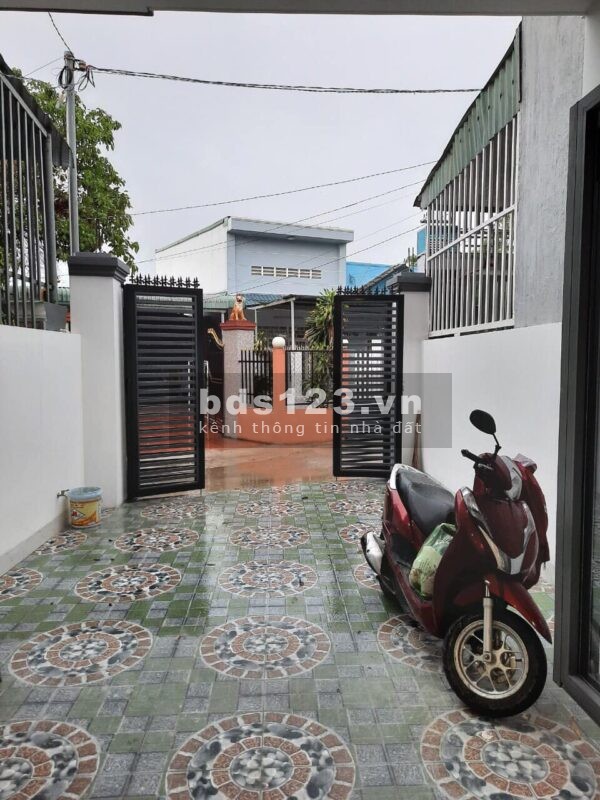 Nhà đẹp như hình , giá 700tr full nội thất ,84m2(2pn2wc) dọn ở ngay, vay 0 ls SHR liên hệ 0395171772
============================================================
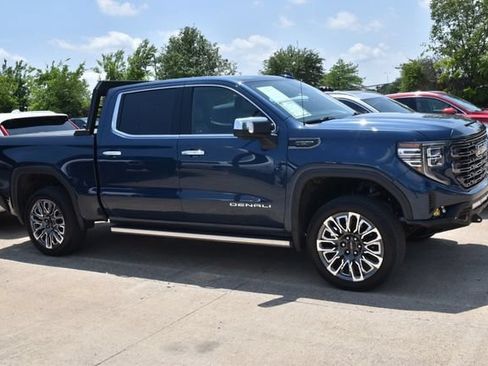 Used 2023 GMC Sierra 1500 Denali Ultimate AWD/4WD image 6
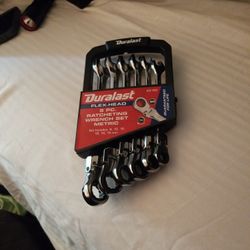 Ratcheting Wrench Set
============================================================
- _Work task_
What you write out is the stretch of entries from the line containing "Used 2023 GMC" to the line containing "Ratcheting Wrench Set", word for word, with both end lines and no pictures.

- _Solution to this task_
 Used 2023 GMC Sierra 1500 Denali Ultimate AWD/4WD image 6
 Ratcheting Wrench Set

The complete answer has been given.